My ketogenic shopping list
What can you eat on the ketogenic diet? From my point of view, it’s a lot. Others, like the bear, would say it’s very restrictive. After a week of ketogenic eating, he lost the will to live, and an endless stream of complaints followed. As he put it, the keto diet is great for weight loss because there’s nothing left to eat.
Safe to say, it’s not everyone’s cup of tea. It helps if you like meat and vegetables. Simply put, you take out the carb-rich side dish of rice, bread or pasta, and replace it with a bowl of leafy greens. For some people, like the bear, this destroys the meal. “What is a curry without the naan bread and rice?” he complained on day five of the keto diet. On day seven, he dropped out altogether. The bear is not a quitter. He stuck with the 5:2 diet and then the one meal a day diet for ages. Keto just wasn’t his thing, but he did acknowledge that if he had diabetes it would be a different story. For medical reasons sure, but he couldn’t see why a non-diabetic would deprive themselves of all those delicious carbs. Fair enough.

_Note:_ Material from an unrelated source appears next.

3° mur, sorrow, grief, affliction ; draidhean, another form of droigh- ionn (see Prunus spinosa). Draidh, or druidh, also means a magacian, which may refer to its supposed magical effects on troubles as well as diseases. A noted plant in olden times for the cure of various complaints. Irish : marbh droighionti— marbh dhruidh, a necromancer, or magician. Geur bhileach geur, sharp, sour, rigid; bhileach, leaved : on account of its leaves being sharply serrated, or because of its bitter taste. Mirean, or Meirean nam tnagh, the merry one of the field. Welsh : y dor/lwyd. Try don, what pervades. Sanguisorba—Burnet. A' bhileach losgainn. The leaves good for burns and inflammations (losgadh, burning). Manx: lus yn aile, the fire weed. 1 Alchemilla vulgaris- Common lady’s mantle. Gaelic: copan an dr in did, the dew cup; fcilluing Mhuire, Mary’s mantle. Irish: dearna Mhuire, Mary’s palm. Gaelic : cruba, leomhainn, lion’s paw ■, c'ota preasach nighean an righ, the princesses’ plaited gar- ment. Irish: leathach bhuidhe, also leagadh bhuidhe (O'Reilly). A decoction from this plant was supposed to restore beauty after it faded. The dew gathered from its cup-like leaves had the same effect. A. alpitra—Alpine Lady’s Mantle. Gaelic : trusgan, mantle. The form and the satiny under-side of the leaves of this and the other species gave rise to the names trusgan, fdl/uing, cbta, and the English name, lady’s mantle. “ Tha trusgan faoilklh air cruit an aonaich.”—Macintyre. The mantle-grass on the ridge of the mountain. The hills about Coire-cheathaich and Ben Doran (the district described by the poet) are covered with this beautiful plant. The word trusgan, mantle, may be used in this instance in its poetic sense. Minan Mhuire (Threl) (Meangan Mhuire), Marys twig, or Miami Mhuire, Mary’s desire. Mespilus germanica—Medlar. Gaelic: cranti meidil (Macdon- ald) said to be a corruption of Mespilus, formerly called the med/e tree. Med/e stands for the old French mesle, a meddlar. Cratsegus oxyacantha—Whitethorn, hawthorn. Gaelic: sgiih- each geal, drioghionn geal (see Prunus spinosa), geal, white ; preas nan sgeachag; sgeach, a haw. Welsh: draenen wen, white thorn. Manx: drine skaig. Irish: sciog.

So, what’s left to eat when you ditch the carbs? On my shopping list, you find all types of meats, sausages, cheese, cream, butter, eggs, nuts, and vegetables. Recently, I added coconut oil as part of my staple diet. I eat a lot of stir-frys, salads, and stews, with the side-dish replaced by a low-carb alternative like roasted pumpkin or zoodles. You can make low-carb bakery with nut-flour instead of wheat. I get my muffin-fix from this excellent recipe. Cauliflower works great for a pizza base or a low-carb rice substitute. Lidl sells protein bread, which is remarkably close to the real thing, and crispbread is low enough in carbs to stay on the menu. The internet is your friend for new ideas.
For dessert, you can still have small amounts of berries with cream or 85% dark chocolate. As you can tell, there’s a lot of things to eat on the keto diet. It also really helps if salad for dinner is your thing.